Why didn’t the United States just overthrow Fidel Castro’s regime in the 1960s?

The United States tried to overthrow Fidel Castro’s regime.

On April 17, 1961, an invasion force of about 1,500 Cuban exiles landed in the Bay of Pigs, Cuba. They were supported by the United States, but not very well.

The Central Intelligence Agency (CIA) had promised the exiles full-scale U.S. military support, but President John F. Kennedy withdrew it at the last minute.

The invaders were left unprotected to face Castro’s vastly more powerful armed forces, which killed about 120 and took nearly 1,200 prisoner. CIA reports that ordinary Cubans would rise up to join the invaders were dead wrong.
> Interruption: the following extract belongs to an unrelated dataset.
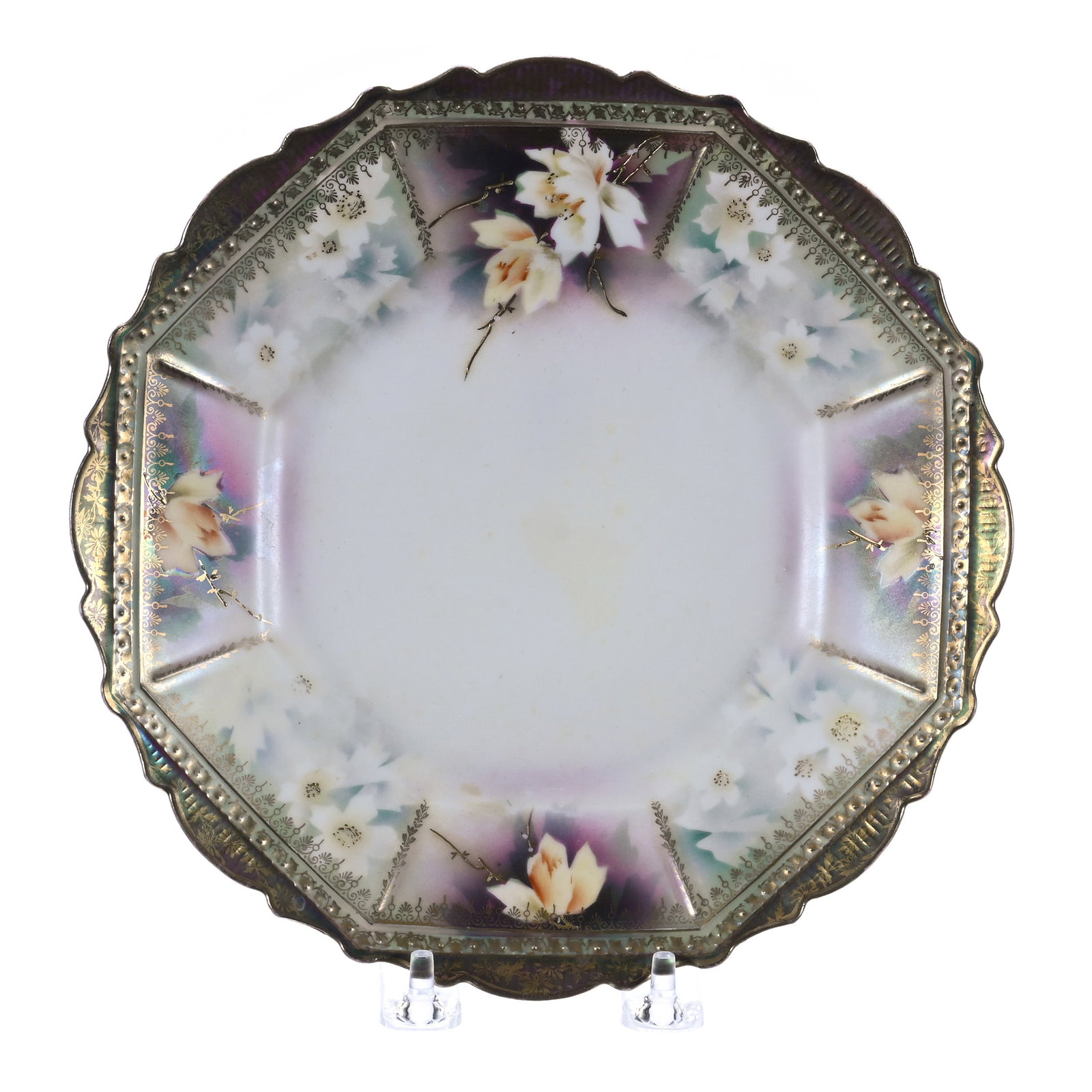 Plate, Marked R.S. Prussia: Plate, Marked R.S. Prussia, Branch And Blossom With Iridescent Tiffany And Satin Finish, Gold Stencil, 8.75 x 8.75 x 1 Inches, Private Collection, Indiana, 0.5 Pounds. Effective 6/6/26, All LiveAuctio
The Bay of Pigs was a fiasco that embarrassed the United States and delighted Castro. Cuban exiles felt betrayed by the Democratic president. Ever since they started becoming U.S. citizens, they have voted solidly Republican.

A few have even engaged in bombings and other terrorist acts intended to draw attention to their cause.

President John F. Kennedy and his wife Jacqueline greet Cuban exiles gathered in Miami Stadium on December 29, 1962. The Kennedy Admistration’s mishandling of the Bay of Pigs invasion alienated many Cuban Americans from the Democratic Party.